The __Prediction Pipeline__ in NeSy4PPM is responsible for generating activity suffix predictions from a prefix (i.e., an incomplete trace) using a trained neural model. To enhance both accuracy and compliance under concept drift, it supports two main prediction modes:
- __BK-contextualized Beam Search__: the BK is used *during* beam search to guide which branches are explored based on compliance.
- __BK-based Filtering__: the BK is used *after* the beam search to filter out non-compliant predicted suffixes.

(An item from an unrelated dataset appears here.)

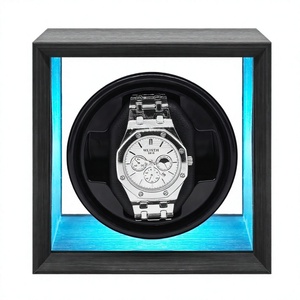 Caja Giratoria Automática <span class=keywords><strong>para</strong></span> <span class=keywords><strong>Reloj</strong></span> Individual, Portátil y Mini, con Motor Silencioso, Luz LED Azul y Ventana de Cristal - Product Image 3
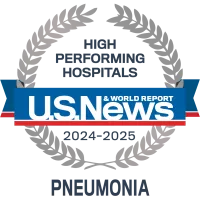 AdventHealth Orlando is recognized by U.S. News & World Report as a nationally rated leader in pneumonia care.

## 3.1 Set prediction parameters
The prediction process begins by specifying the following parameters that control how the prediction algorithm operates:
- `log_data.evaluation_prefix_start`: the minimum prefix length (in events) for prediction.
- `log_data.evaluation_prefix_end`: the maximum prefix length for prediction.
- `model_arch`: the trained model architecture (`NN_model.LSTM` or `NN_model.Transformer`).
- `encoder`: the encoding method used during training (`Encodings.One_hot` or `Encodings.Index_based`).
- `output_folder`: the path where the trained model and prediction results are saved.
- `bk_file_path`: the path to the `BK` (background knowledge) file.
- `beam_size`: the number of alternative suffixes explored in parallel by the beam search. A `simple autoregressive prediction` can be performed by setting `beam_size` to `0` (greedy search).
- `weight`: a float value in [0, 1] that balances the importance of neural predictions and BK compliance. A value of 0 uses only the neural model, while higher values increase the importance of BK during the search.
- `BK_end`: a boolean parameter indicating whether BK is applied at the end (i.e., filtering) instead of during the search,
- `fitness_method`: the method used to compute compliance scores—i.e., the alignment or replay fitness between the predicted trace and the procedural model. This parameter is only applicable when the BK model is procedural, and must be set to one of the following: : `conformance_diagnostics_alignments`, `fitness_alignments`, `conformance_diagnostics_token_based_replay` or `fitness_token_based_replay`.


In [7]:
from NeSy4PPM.commons.utils import NN_model
from NeSy4PPM.commons.utils import Encodings

(log_data.evaluation_prefix_start, log_data.evaluation_prefix_end) = (1,4)
model_arch = NN_model.Transformer
encoder = Encodings.Index_based
output_folder= Path.cwd().parent/'data'/'output'
bk_file_path = Path.cwd().parent/'data'/'input'/'declare_models'/'BK_helpdesk_filtred.decl'
beam_size = 3
weight = [0.9]
BK_end = False

## 3.2 Load the Background Knowledge (BK)
After setting the parameters, a background knowledge (BK) model must be loaded using the `load_bk` function. `BK` can represent domain constraints or business rules, and can be encoded in various formats:

- __Procedural models__: `.bpmn` (Business Process Model and Notation), `.pnml` (Petri Nets)
- __Declare models__: `.decl` (Declare constraints)
- __Probabilistic Declare models__: `.txt` (Declare constraints annotated with probabilities)

In [8]:
from NeSy4PPM.commons.utils import load_bk

bk_model = load_bk(bk_file_path)

0 Alternate Precedence[Wait, Closed] | | |
1 Alternate Response[Assign seriousness, Wait] | | |
2 Alternate Precedence[Wait, Resolve ticket] | | |
3 Exactly1[Wait] | |
4 Chain Response[Take in charge ticket, Wait] | | |


## 3.3 Perform Prediction
NeSy4PPM implements the `predict_evaluate` function, which generates activity suffixes using the proposed neuro-symbolic beam search algorithm and computes two evaluation metrics:
   - __Damerau-Levenshtein Similarity__, measuring the similarity between the predicted and actual suffixes based on edit distance,
   - __Jaccard Similarity__, measuring the overlap between the sets of predicted and actual activities. suffix prediction using a trained neural model and loaded `BK` model.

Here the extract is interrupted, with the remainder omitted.